The production of hydrogen fuel produced by electrolysis – a process that uses electricity to split water into hydrogen and oxygen, and which can be carbon-free and ‘green’ provided the electricity used in the process is produced by renewables – is rapidly developing from pilot to commercial-scale operation in many parts of the world. Its production could become cost competitive with current predominant methods that require the use of natural gas as a feedstock as early as 2030, according to analysis by the IHS Markit Hydrogen and Renewable Gas Forum.

‘Costs for producing green hydrogen have fallen 50% since 2015 and could be reduced by an additional 30% by 2025 due to the benefits of increased scale and more standardised manufacturing, among other factors,’ says Simon Blakey, IHS Markit Senior Advisor, Global Gas.

Investment in so-called ‘power-to-x’* projects – of which hydrogen makes up the large majority – is growing rapidly, with investment expected to grow from around $30mn in 2019 to more than $700mn in 2023. Economies of scale are a primary driver for green hydrogen’s growing cost competitiveness. The average size for power-to-x projects scheduled for 2023 is 100 MW – 10 times the capacity of the largest project in operation today – according to the IHS Markit Power-to-X Tracker, which tracks hydrogen projects around the world.

Hydrogen production that uses natural gas as a feedstock, via a process known as methane reforming, currently supplies the hydrogen to the chemical and refining industries that today make up the bulk of global hydrogen demand.

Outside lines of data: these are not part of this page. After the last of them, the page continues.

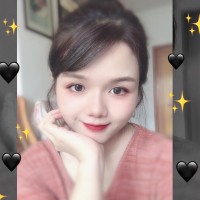 邓仕霞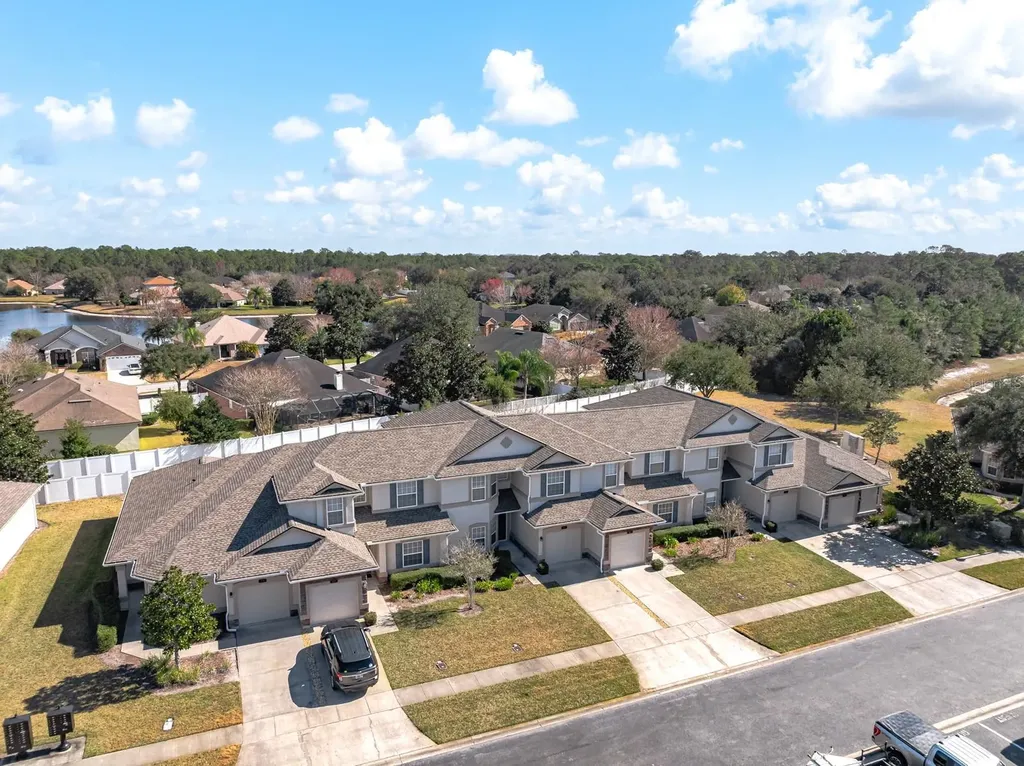 466 Wooded Crossing Circle St Augustine FL 32084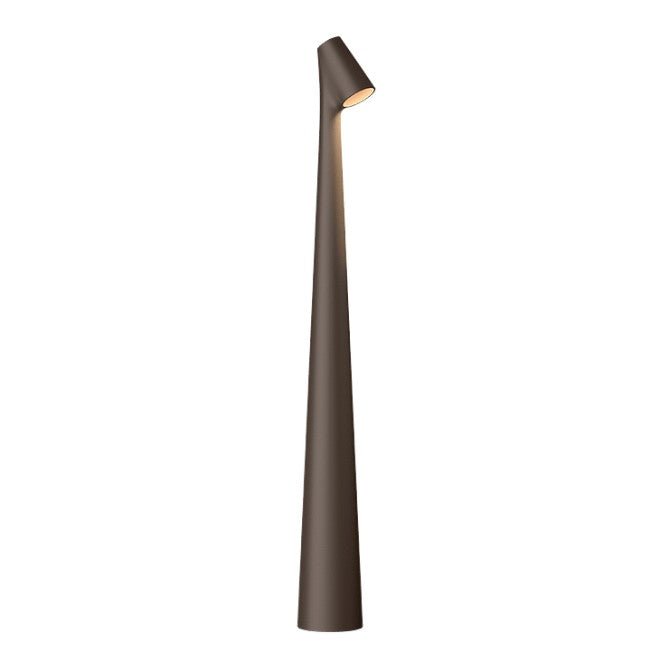 Lisslune | Portable Table Lamp
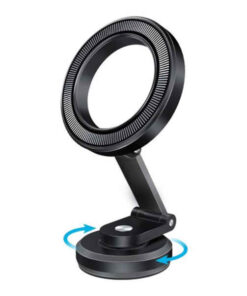 PROMATE MAGHOOP-HG MagGrip 360 Cradleless Foldable Smartphone Holders on sale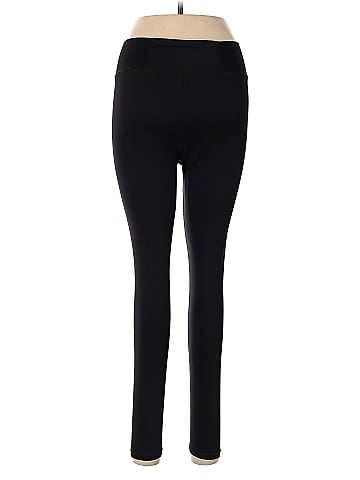 MWL by Madewell Active Pants (view 2)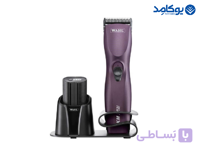 ماشین اصلاح وال کا ام سوپرا Wahl km supera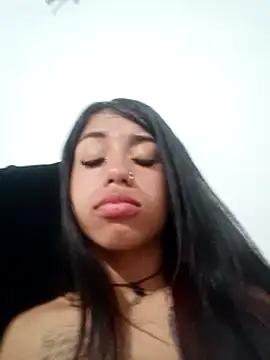 Katica_Vip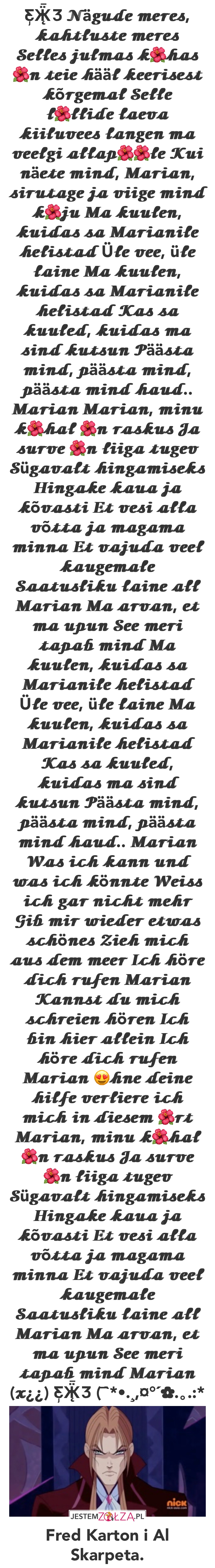 Nie kopiować.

‘There is growing potential for hydrogen to be used in transport, heating, industry and power generation,’ comments Shankari Srinivasan, IHS Markit Vice President, Global and Renewable Gas, IHS Markit. Both green hydrogen and so-called blue hydrogen – methane reforming coupled with carbon capture technology – are likely to play a role in the energy future as demand expands. ‘Blue and green hydrogen are extremely complementary,’ Srinivasan adds. ‘If they are developed in parallel, hydrogen will be able to make a big contribution to future energy demand, especially with the ambitious goals on carbon.’

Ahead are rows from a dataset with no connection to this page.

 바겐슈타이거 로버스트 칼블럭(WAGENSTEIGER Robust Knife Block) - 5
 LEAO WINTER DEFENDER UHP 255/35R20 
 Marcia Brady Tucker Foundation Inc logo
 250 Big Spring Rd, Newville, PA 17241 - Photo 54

Hydrogen’s overall share in the energy mix will ultimately depend on the extent of decarbonisation that is desired. In Europe, currently the primary market for hydrogen projects, hydrogen could account for as much as one third of the energy mix if the aim was 95% decarbonisation or greater.

‘In Europe it is now widely agreed that electrification alone cannot deliver the level of emissions reduction that many countries aspire to,’ notes Catherine Robinson, IHS Markit Executive Director, European Power, Hydrogen and Renewable Gas. ‘Hydrogen is a highly versatile fuel – both in terms of how it can be transported and the variety of its potential end-use applications. The greater the degree of a decarbonisation, the greater the likely role of hydrogen in the energy future.’

* Projects that convert surplus power to different forms of energy and/or chemicals such as power-to-hydrogen, power-to-gas, power-to-heat, power-to-ammonia, power-to-chemicals, power-to-fuel, power-to-liquid and power-to-methane.